Ehhmm, what? Looking for details of this error leads to obscure thread on Github (well, maybe not so obscure, but I'm past my prime days of being deep into compilers to quickly understand it). Basically, you can't mix static abstract members with type constraints in the same interface. Another dead end, feels like most of these features work only in for a limited amount of use-cases in the base library, and are not actually designed for general-purpose extensibility.
C#: back to data and functions
In the end, I was so annoyed that I decided to ditch the class hierarchy and interface nonsense altogether and just model everything in a dumb data structure.
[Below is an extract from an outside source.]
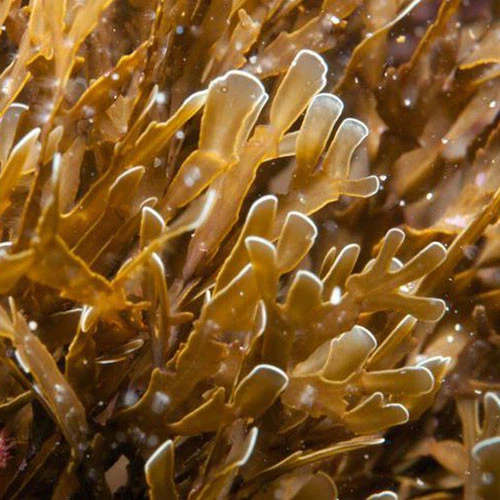 Sodium Alginate 2 Sodium Alginate - Image 2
I did a naive straightforward refactoring:
- Lift protected member overloads into constructor parameters. Use static lambdas to share delegate instances and avoid redundant allocations.
- Pass dependencies as a collection parameter to constructor
This results in a less type-safe implementation with additional dumb code for indexed dependency access, but it's still quite simple and readable in my opinion (source).
class Expr<T> where T : INumber<T>, IMultiplyOperators<T, double, double> {
private readonly Func<Expr<T>, T> _getValueImpl;
private readonly Action<Expr<T>> _updateGradient;
/// <remarks>
/// Function parameters are expected to be static, so that each expression instance gets the same delegate, to avoid additional GC pressure.
/// </remarks>
public Expr(
IReadOnlyList<Expr<T>> dependencies,
Func<Expr<T>, T> getValueImpl,
Action<Expr<T>> updateGradient,
// Used only as a hack to pass the underlying value to Value implementation and avoid closure allocations
T? dummyValue = default) {
_getValueImpl = getValueImpl;
_updateGradient = updateGradient;
Dependencies = dependencies;
DummyValue = dummyValue;
}
public double Gradient { get; private set; }
public IReadOnlyList<Expr<T>> Dependencies { get; }
public T? DummyValue { get; }
public T GetValue() => _getValueImpl(this);
public void AddGradient(double value) {
Gradient += value;
}
public void Backward() {
Gradient = 1;
foreach (var dep in GetAllDependencies()) {
dep._updateGradient(dep);
}
}
private IReadOnlyList<Expr<T>> GetAllDependencies() => // ... same as before
public static Expr<T> operator +(Expr<T> left, Expr<T> right) {
return new Expr<T>(
new[] { left, right },
static e => e.Dependencies[0].GetValue() + e.Dependencies[1].GetValue(),
static e => {
e.Dependencies[0].AddGradient(e.Gradient);
e.Dependencies[1].AddGradient(e.Gradient);
});
}
public static Expr<T> operator *(Expr<T> left, Expr<T> right) => new(
new[] { left, right },
static e => e.Dependencies[0].GetValue() * e.Dependencies[1].GetValue(),
static e => {
e.Dependencies[0].AddGradient(e.Dependencies[1].GetValue() * e.Gradient);
e.Dependencies[1].AddGradient(e.Dependencies[0].GetValue() * e.Gradient);
});
}
Using static
lambdas results in additional hassle of passing "self" instance, which may require some getting used to, but it quickly becomes natural.
Conclusion
And now we've made a full cycle and got back to the most simple "data and functions" approach, which ironically resembles that infamous curve bell IQ meme.
So, what's next? By no means this is expected to be a production-grade implementation, I'm just playing around with the most basic ideas, trying to build up on them, and brush up my knowledge about internals in the mean time. I plan to proceed with building more complex machine learning primitives. Would be great to do some load testing on various implementations, extend it to multi-dimensional tensors, plug into CUDA, etc.